Quel est le premier livre que vous vous souvenez avoir lu ?

Sans doute Tintin au Congo offert par mon grand-père et dont je me souviens encore de l’odeur (du bouquin, pas du grand-père).

Qu’apporte, selon vous, l’écriture à un auteur ?

Les rails de la vie sont souvent trop droites et prévisibles. Écrire est un bon moyen de les faire zigzaguer. J’écris à la première personne et, j’y tiens, au présent ce qui m’implique directement et en temps réel dans mes histoires. Mais j’aime bien avancer à tâtons, me faire porter afin de rester le spectateur des évènements qui se déroulent dans mes bouquins.

Vos lectures d’adolescence ont-elles eu un impact sur ce que vous écrivez aujourd’hui ?

Incontestablement, indubitablement mais indéfinissablement. Ainsi, il est certain que mon goût pour la narration au présent et à la première personne me vient de mes lectures addictives de San-Antonio de Frédéric Dard. Mon univers lorgne sur celui, actualisé, de Malet dans son ancrage banlieusard.

Vous écrivez essentiellement des polars qu’on qualifie de rigolos. Comment vous viennent les idées d’intrigues ?

Au fur et à mesure. 🙂

En fait elles ne me viennent pas.
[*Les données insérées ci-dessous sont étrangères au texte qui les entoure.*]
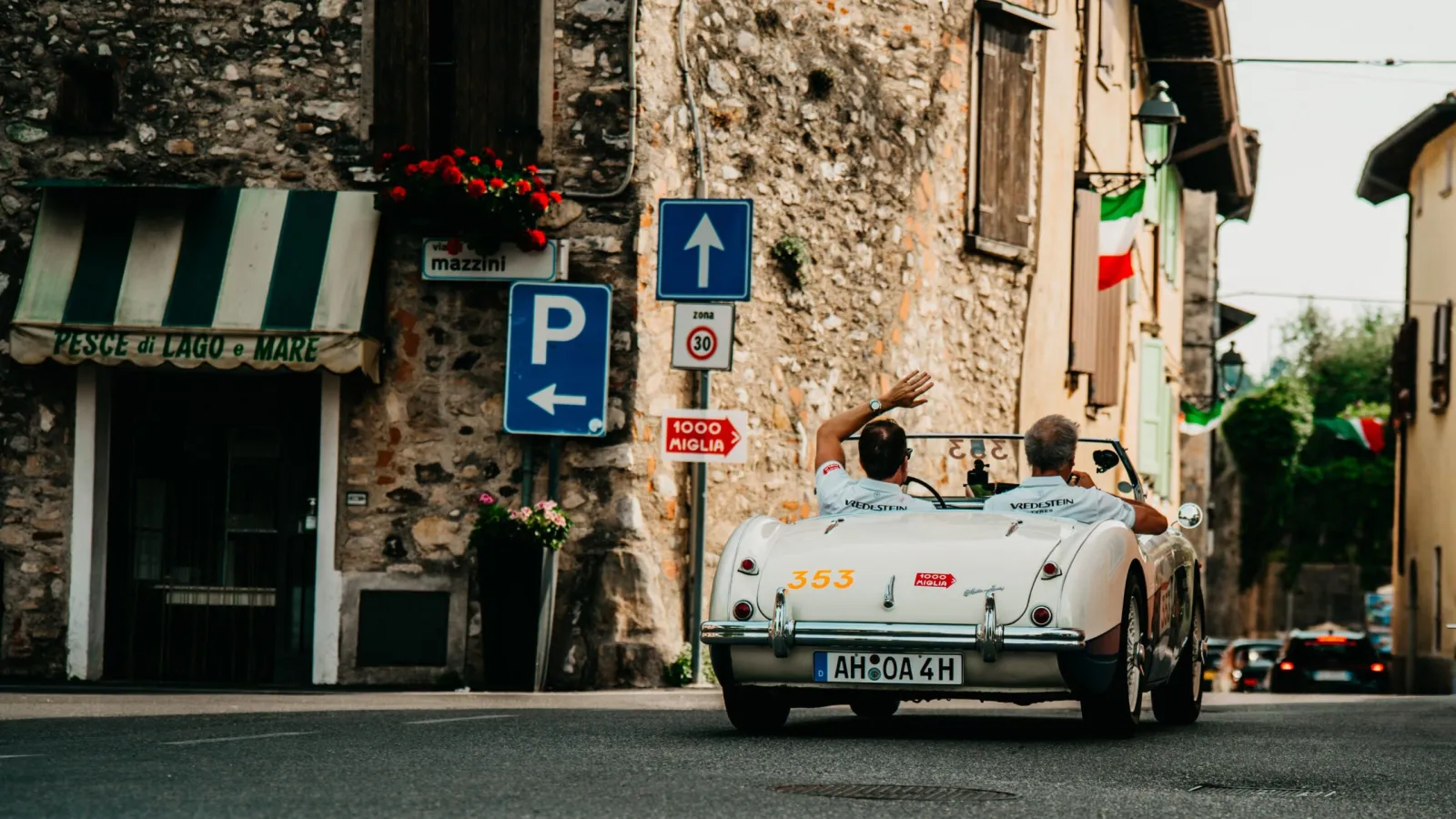 Rear view of a vintage white classic convertible sports car bearing license plate AH 0A 4H driving past rustic stone buildings during the 1000 Miglia rally. (Photo: Apollo Tyres, Vredestein)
Je pars d’une situation, d’un début de dialogue et je laisse faire les personnages. Je ressemble à mes personnages et, notamment, à Cicéron. Je suis donc un opportuniste, faire un plan me fatiguerait plus que me passionnerait. J’aime bien que l’histoire m’échappe même si, arrivé au deux tiers du bouquin, ça me fait un peu flipper. Et, là, l’urgence donne du talent à mes bonshommes.

Comment se sont passés les premiers contacts avec votre éditeur ?

Très bien. Tout s’est fait très vite et comme je suis impatient de nature… Nos contacts sont essentiellement à distance mais la disponibilité et la communication sont sans faille. Par ailleurs le format des livres publiés par Palémon convient tout à fait à mes « ambitions ». Je n’aime pas l’ostentation et j’aime que mes lecteurs en aient pour leur argent. Je suis conscient et je revendique mon côté « roman de gare ».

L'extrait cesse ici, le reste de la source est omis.